Как сестры завидовали этой счастливой «японочке»! За что ей такое счастье? Каждая хотела это имя для себя. Ах! детская, детская ревность! Господь ведь знал путь каждого; по мере своего дерзновения к Богу и по мере своего дерзновения о каждой душе знал этот путь и батюшка. И согласно с путем каждого ему определялось и имя. Того заслужила преданная простая душа Евгении — Бог захотел утешить ее, захотел утешить и батюшка.

А в августе, когда батюшка после июля опять приехал на дачу, он постриг и большую Екатерину. Бурная, сильная душа Кати не могла вместить этой радости, она считала себя вполне недостойной этого великого чина. Она в волнении несколько раз обегала кругом дачки, пока наконец успокоилась, смирилась, покорилась и хотя продолжала признавать себя недостойной, но, отвергая свой разум, умолкла, как несмысленная. Зато и получила она великое имя отца иноков, преподобного Сергия Радонежского, которого батюшка любил живой, слезной любовью. Мать Сергия еще и после пострига пыталась волноваться и выражать свое недостоинство, но это было радостное волнение, проявление благородной, уничижающей себя души.

В свободные дни на загорянскую дачу приезжали близкие сестры батюшки, приезжали иногда и послушники. Дольше других жила и отдыхала здесь в тишине мать Олимпиада. Она тоже утихла, умирилась душою, обрела под покровом мудрой и тихой любви батюшки свой мир и покой. Читая жития святых во время трапезы, батюшка иногда намекал матери Олимпиаде на то, как долго она противилась избрать иное житие, тогда как это житие было ее призванием. Отрываясь от клироса, ненадолго приезжала и мать Евпраксия.
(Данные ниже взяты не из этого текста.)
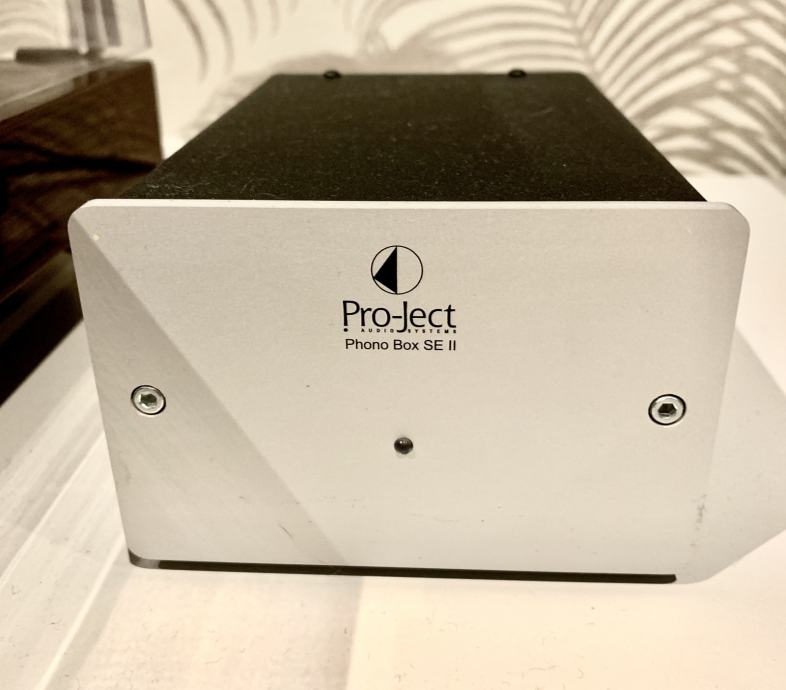 ProJect Gramofon 2 Xperience Comfort + Preamp Phono Box SE II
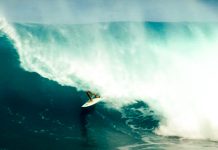 Zeke Lau confere Maui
В то время певчие разучивали антифоны, и чудные их напевы подолгу звучали в вечереющем воздухе маленьких уютных комнат.

Здесь же, в этом тихом загорянском домике над молчаливой, как бы застывшей заводью, батюшка начал готовить к иночеству и Валерию. Она к тому времени закончила высшее образование и уже работала, правда, в скромной должности. Здесь, в Загорянском, батюшка дал ей читать отрывки из жизни пустынников в Рославльских лесах, особо указывая на жизнь любимого им игумена Антония Малоярославецкого. Сюда Валерия приезжала и поздней осенью, в октябре, когда уже в холодеющем воздухе вечера батюшка давал ей указания о том, что надо нести свою работу как послушание, трудясь всегда как бы перед лицом Божиим.

Лето кончалось, но здесь среди некоторых духовных возникла мысль, не остаться ли батюшке по болезни вот так навсегда в загородной тишине, чтобы не расточать своих слабых сил, а напротив, поддержать их. Каким гневом обрушился на это предложение Владыка! Он доказывал, что батюшка только начал, а никак еще не докончил дело своего старчествования, он с жаром писал о том, как заждался батюшку народ в городе, каким это будет большим горем для образовавшейся уже паствы. Он клеймил имена тех, кому пришло в голову подобное предположение. Он, обращаясь к ним с Евангельскими словами, восклицал: Иди за мною, сатано… Яко не мыслиши яже суть Божия, но яже человеческа (Мф 16:23; Мк 8:33). Батюшка и сам так не думал, несмотря на то что болезнь стала все больше и больше сковывать его. Тем более для него было беспрекословным решение Владыки, без благословения которого он не делал ни одного шага.

В конце октября батюшка вернулся в Москву.